In 1992, ornithologist Peter Berthold came up with an explanation. He proposed that there were two groups in the German blackcap population; traditionalists which had a propensity to fly south and a newly-formed breakaway group which preferred to head north-west towards Britain and Ireland. Genes determine the general direction in which a bird is disposed to move. Occasionally, however, an individual inherits an urge to experiment or to travel in the wrong direction. One would expect a blackcap heading north-west in the autumn to come to grief. However, birds arriving in Britain and Ireland, Berthold argued, not only survive, they prosper. This part of the world is hospitable to songbirds because people put out food for them in winter. The German visitors thrived during their winter holidays and returned in spring in peak condition. When they bred, their babies benefited from their good fortune; genes promoting north-western migration survived and a sub-population of northwester migrating blackcaps built up.
In normal circumstance, such birds would interbreed with the ones returning from Spain and the tendency to migration westwards would be diluted; genes promoting the traditional movement pattern, being more numerous, should predominate. However, the birds visiting Britain and Ireland had a shorter distance to travel on their migration and didn’t have to fly over the Alps. Therefore, the researchers argued, they arrived back in Germany before the Spanish ones and were less exhausted by their journey. The British and Irish contingent, therefore would start nesting earlier. The two groups, although breeding in the same areas, bred at slightly different times and so north-west orientating genes were transmitted intact to a new sub-population. After a mere 50 generations, a separate race of blackcaps is beginning to evolve.
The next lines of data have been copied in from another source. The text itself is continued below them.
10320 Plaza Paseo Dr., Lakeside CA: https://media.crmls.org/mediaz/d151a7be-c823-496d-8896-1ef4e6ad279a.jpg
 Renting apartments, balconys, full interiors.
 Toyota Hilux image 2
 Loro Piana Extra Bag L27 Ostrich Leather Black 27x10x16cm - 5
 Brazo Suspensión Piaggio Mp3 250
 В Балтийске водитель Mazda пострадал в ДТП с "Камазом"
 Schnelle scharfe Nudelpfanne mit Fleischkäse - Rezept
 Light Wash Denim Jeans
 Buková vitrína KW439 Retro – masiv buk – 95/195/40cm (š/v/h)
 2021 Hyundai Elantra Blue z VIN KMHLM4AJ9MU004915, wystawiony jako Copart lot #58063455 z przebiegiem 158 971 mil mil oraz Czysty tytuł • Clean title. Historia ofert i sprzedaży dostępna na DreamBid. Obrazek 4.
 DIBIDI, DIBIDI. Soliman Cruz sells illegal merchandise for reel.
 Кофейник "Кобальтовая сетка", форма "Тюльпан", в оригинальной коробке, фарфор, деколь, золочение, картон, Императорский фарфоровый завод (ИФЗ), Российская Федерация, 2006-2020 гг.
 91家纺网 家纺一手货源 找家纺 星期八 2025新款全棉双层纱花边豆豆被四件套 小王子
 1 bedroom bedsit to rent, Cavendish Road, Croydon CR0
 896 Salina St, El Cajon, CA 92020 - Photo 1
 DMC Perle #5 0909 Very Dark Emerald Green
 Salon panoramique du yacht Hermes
DNA analysis at the University of Freiburg has confirmed Berthold’s idea that there are two emerging groups. A possible objection to the thesis occurs to me, however. If winter conditions here are so favourable for blackcaps, why don’t British and Irish ones stay on? The German birds incur heavy costs migrating here, although not as great as would be encountered going to Spain.
An Irish blackcap staying put for the winter would avoid the risks and costs of migration completely. So why do Irish blackcaps leave a perfectly viable habitat for foreigners to move in and exploit? Are our birds less streetwise, or more stupid, than German ones?